Federal law USC 3110. "Generally prohibits a federal official, including a member of Congress, from appointing, promoting, or recommending for appointment or promotion any relative of the official to any agency or department over which the official exercises authority or control. The statute defines a relative, for these purposes, as an individual who is related to the public official as father, mother, son, daughter, brother, sister, uncle, aunt, first cousin, nephew, niece, husband, wife, father-in- law, mother-in-law, son-in-law" -- listen, Jared, Jared Kushner -- "son-in- law, daughter-in-law, brother-in-law, sister-in-law, stepfather, stepmother, stepson, stepdaughter, stepbrother, stepsister, half-brother, or half-sister."

Anyway, so that`s the law.

Anyway, with only 11 days left in President Obama`s term, some Americans will look back on his legacy as historic, inspirational, and transformational. A new poll out by AP and ORC poll shows that roughly -- or actually nearly 57 percent of Americans agree and view President Obama positively. That`s on par with Obama`s job approval rating with Gallup recently tracked at 56 percent. So, he`s going and he`s cruising into the high 50s.

But Republicans spent eight years, let`s not forget, during Obama`s presidency accusing him being a liar, a usurper, a despot, a king.

And, for many, the end did not come soon enough. Let`s watch.

(BEGIN VIDEO CLIP)

BARACK OBAMA, PRESIDENT OF THE UNITED STATES: The reforms I`m proposing would not apply to those who are here illegally.

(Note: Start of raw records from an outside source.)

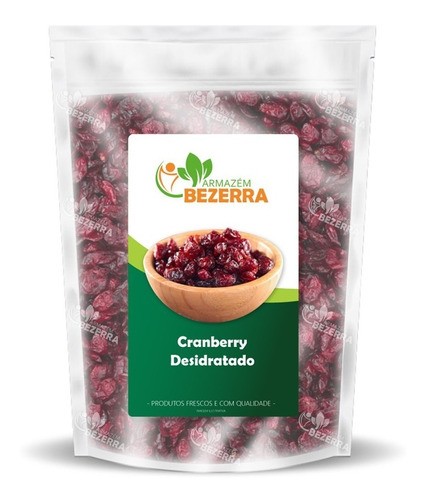 Cranberry Desidratado 1kg - Fruta Seca Premium Safra Nova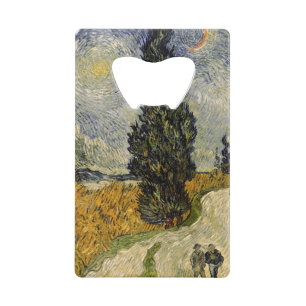Straße Vincent van Goghs mit Zypressen, 1890 Kreditkarten Flaschenöffner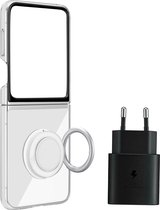 Samsung EF-XF73KKTEGWW, Folio porte carte, Samsung, Galaxy Z Flip5, 17 cm (6.7"), Transparent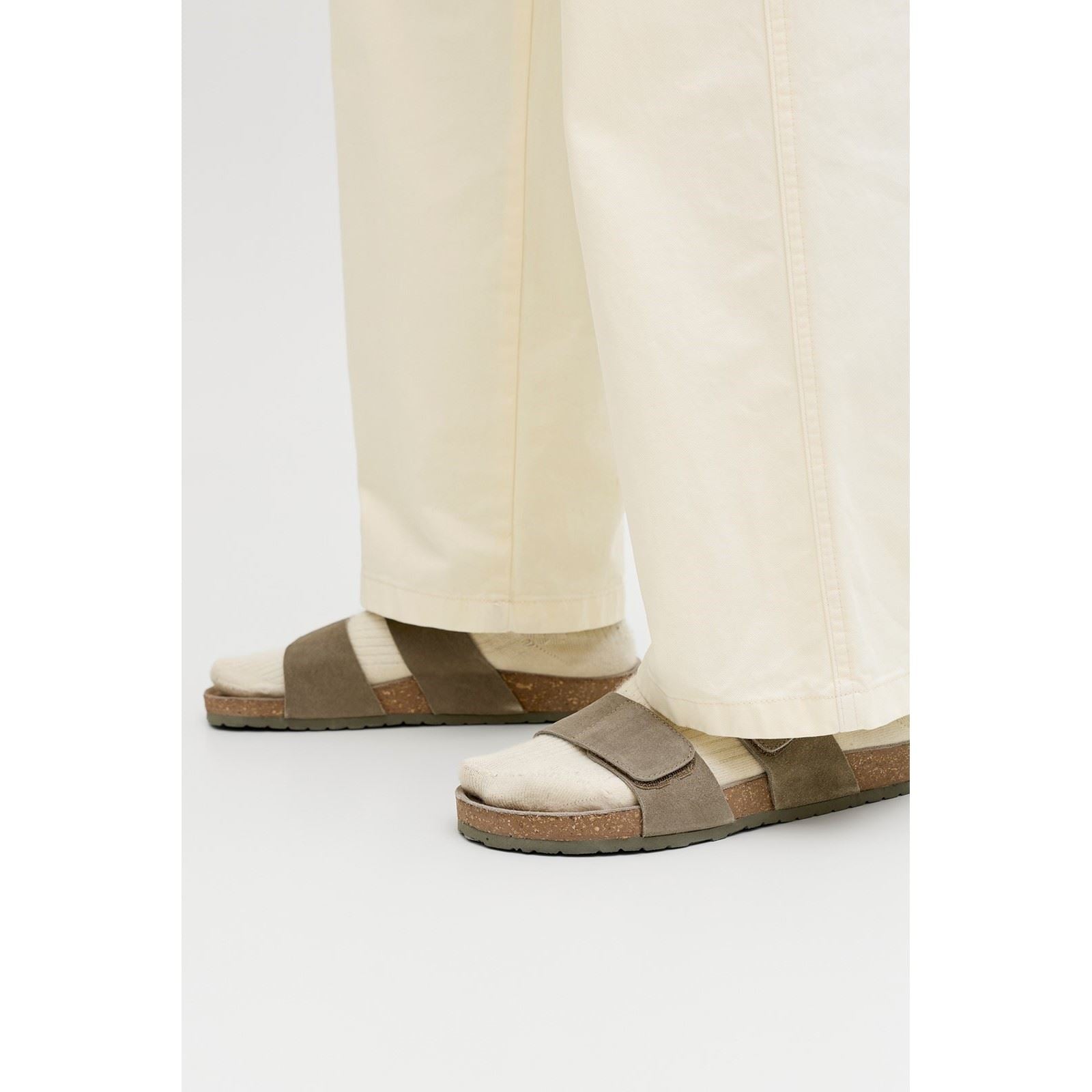 Jack & Jones Malta Sandales Martini Olive Pour Hommes Suede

UNIDENTIFIED MALE: You lie!

(BOOING)

OBAMA: That`s not true.

SEN. MITCH MCCONNELL (R-KY), MAJORITY LEADER: Some have said it was indelicate of me to suggest that our top political priority over the next two years should be to deny President Obama a second time.

BOBBY JINDAL (R), FORMER LOUISIANA GOVERNOR: We don`t have kings in this country. I know this presidency thinks he can just interpret the Constitution, apply the laws when and how he wants them. He thinks he go can around Congress. We don`t have kings.

JIM DEMINT (R), FORMER U.S. SENATOR: I ask President Obama not to divide us further by acting like an imperial president.

DONALD TRUMP (R), PRESIDENT-ELECT: But Trump comes along and said birth certificate. He gave a birth certificate. Whether or not that was a real certificate, because a lot of people question it -- I certainly question it.

(END VIDEO CLIP)

MATTHEWS: "I certainly question it."

Anyway, the GOP threw up roadblocks to the president early and aggressively.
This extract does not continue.